Component selection criteria for embedded systems

As an embedded system designer, you will always have to choose components for your projects. This choice is always made on the basis of the project that you are working on. It’s costs, functionality, and application are essential factors. In this post, we will take a look at the component selection criteria for embedded systems for four major components. Resistors, capacitors, inductors, and transistors.

Resistors

Passive components are the electronic components that cannot process an electrical signal without external energy. A resistor is a passive component. Resistors are famously known for their feature of controlling the flow of electric current. Resistance is a resistor’s ability to oppose the flow of current. We use the unit ohms (Ω) to express it. Resistors don’t have any polarity, and you can connect them in any direction. They act as a load and thus are heat-dissipating elements. They also divide the voltage across their nodes.

What are the different types of resistors?

• Resistor
  • Linear
    • Fixed value
      • Carbon composition
      • Metal film
      • Wire wound
    • Variable value
      • Wire wound
      • Potentiometer
      • Trimmers
  • Non-linear
    • Thermistor
    • LDR (Light-dependent resistor)
    • Varistor
    • Photoresistor

Carbon composition

Carbon composition resistors are made up of carbon granules. Insulating materials are also added, which determines the resistance. Carbon composition resistors have a resistance value ranging from 2.7Ω to 22MΩ. They have a tolerance between +/-5% to +/-20%.

Metal film

Metal film resistors are formed by depositing a thin metal layer on cylindrical insulating support. These resistors have a resistance value ranging from 10Ω to 10kΩ. They have a tolerance between +/-1% to +/-5%.

Wire wound

Wire wound resistors have a resistance 1Ω – 100kΩ. And a tolerance between +/-1% to +/-10%

Variable resistors

As the name states, these are resistors whose value can vary depending on some controlling mechanism. Some of these resistors have values that vary in relation to parameters like temperature and incident light. They find applications in everyday items like fan controllers and light dimmers.
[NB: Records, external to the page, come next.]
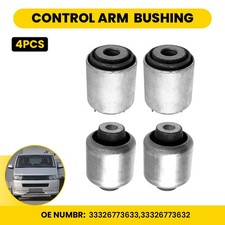 Rear Control Swing Arm Bushes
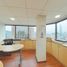 641 SqM Office for rent in Cerro San Cristobal, Santiago, Santiago, Santiago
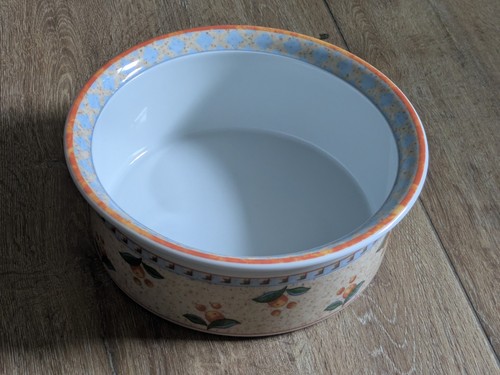 Villeroy und boch switch - villeroy,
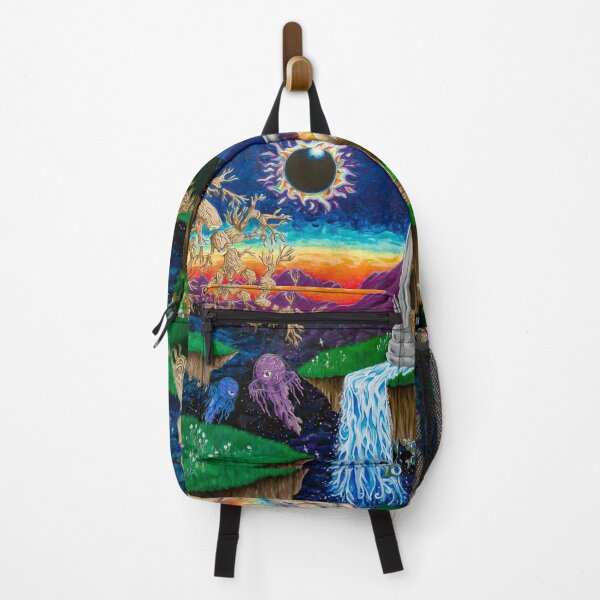 Item preview, The Trip designed and sold by StefiStoneriver.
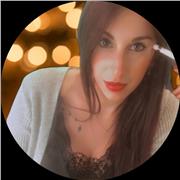 Morgane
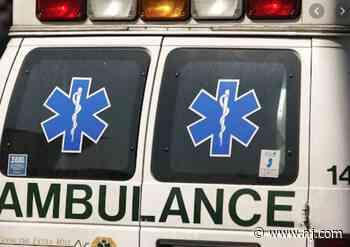 Child, 6, critically hurt after ‘serious and unfortunate accident,’ police say - NJ.com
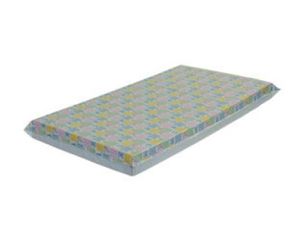 מיטת מעבר מאי  מבצע חזק 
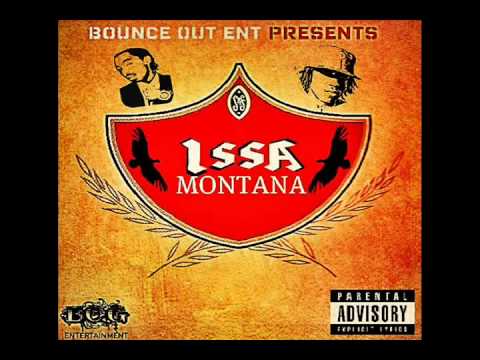 Emaculitt - Tuesday Thru Monday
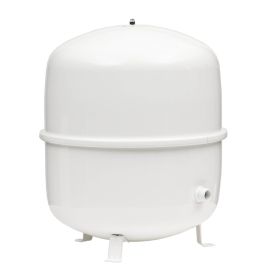 Viessmann Paket Vitocal 150-A Luft/Wasser-Wärmepumpe 5,6 kW AWO-M-E-AC 151.A06 230V Monoblock mit Speicher Vitocell 100-V CVWC 250l
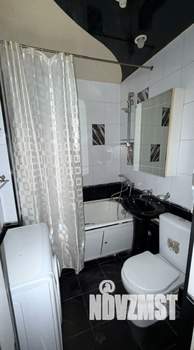 2-к квартира, вторичка, 42м2, 4/5 этаж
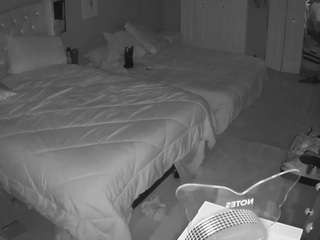 voyeurcam house charleys room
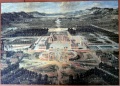 1000 Schloss Versailles im Jahr 16681.jpg
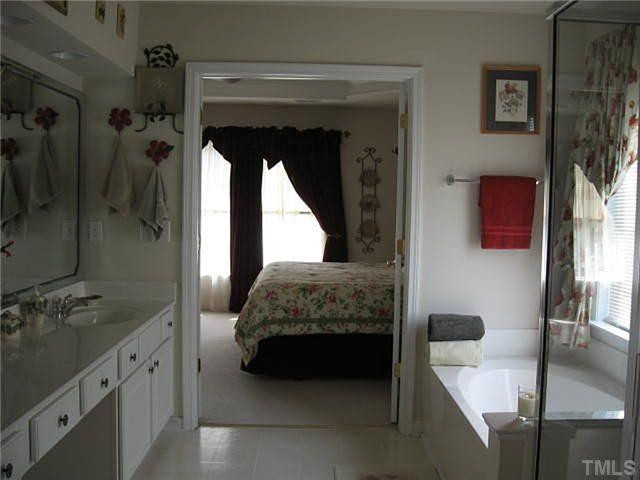 204 Bradson Road Morrisville, NC 27560 - Photo 13 of 24 Photo 13
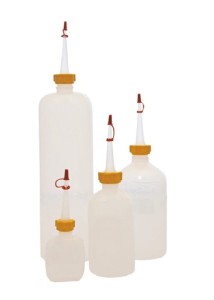 Dyspenser Do Sosów Precyzyjny poj. 0,5 l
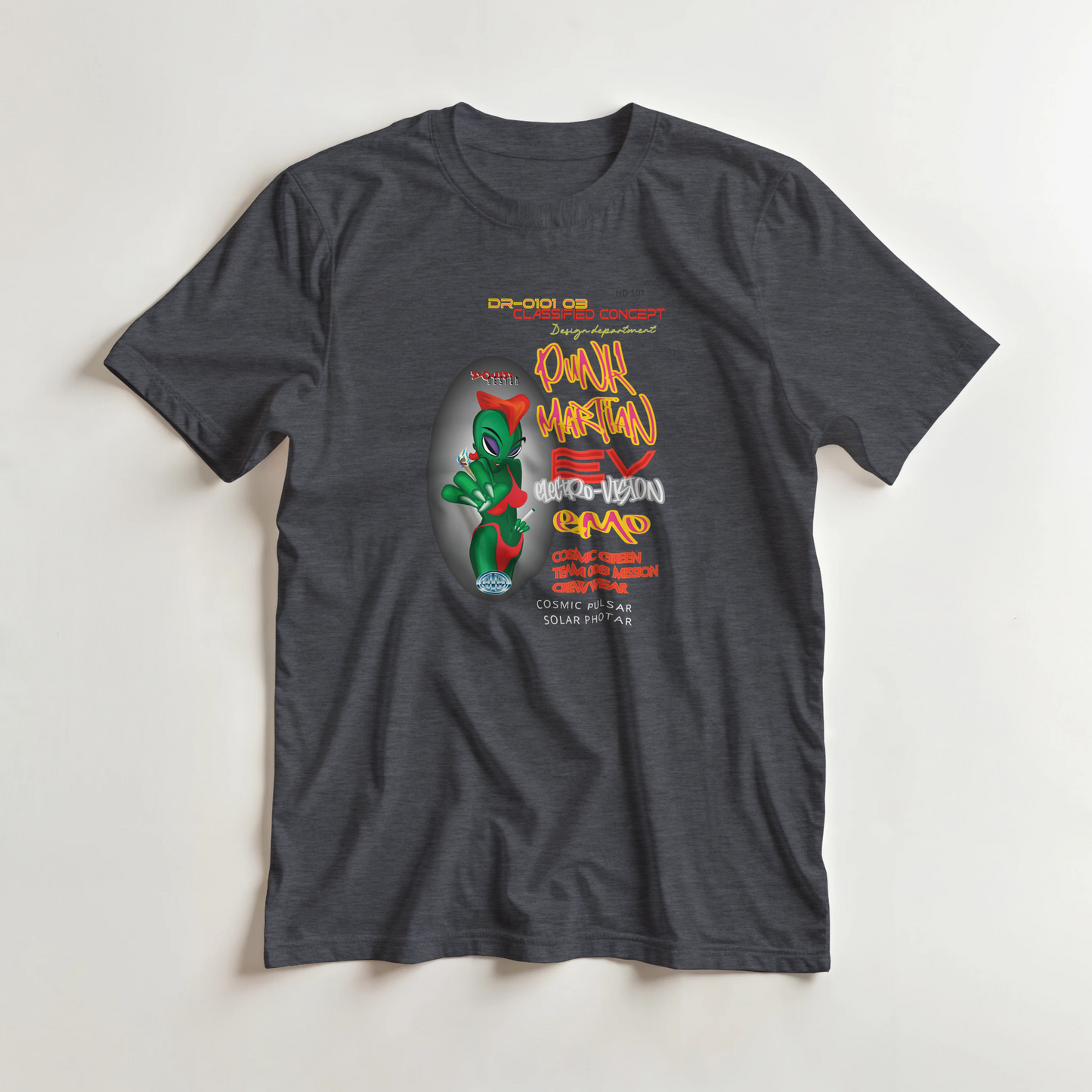 7e60ee97-4bd4-4a67-af0b-986d207fc4b8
What is the selection criteria for selecting a resistor for embedded systems projects?

We should select resistors on the basis of the following parameters:

1. Low noise. As current passes through a resistor, it heats up. Thermal noise generates due to the movement of electrons. This should be as low as possible.
2. They should be stable under high-frequency operations. As circuits become fast, resistors must respond appropriately.
3. They should be cost-efficient.
4. Accuracy is another important aspect to consider.
5. Resistors should have low tolerance values and low thermal coefficients.

Capacitors

Capacitors are two-terminal devices that store electrical charge. We can calculate this charge using the formula Q=CV when the power source is DC. Here C is the capacitance, and V is the potential difference across the two plates. Capacitance is the capacity of a capacitor to store charge per unit potential difference. The units for representing the capacitance of a capacitor are usually in μF or pF. Capacitors offer low impedance to alternating current (AC) but high impedance to direct current (DC).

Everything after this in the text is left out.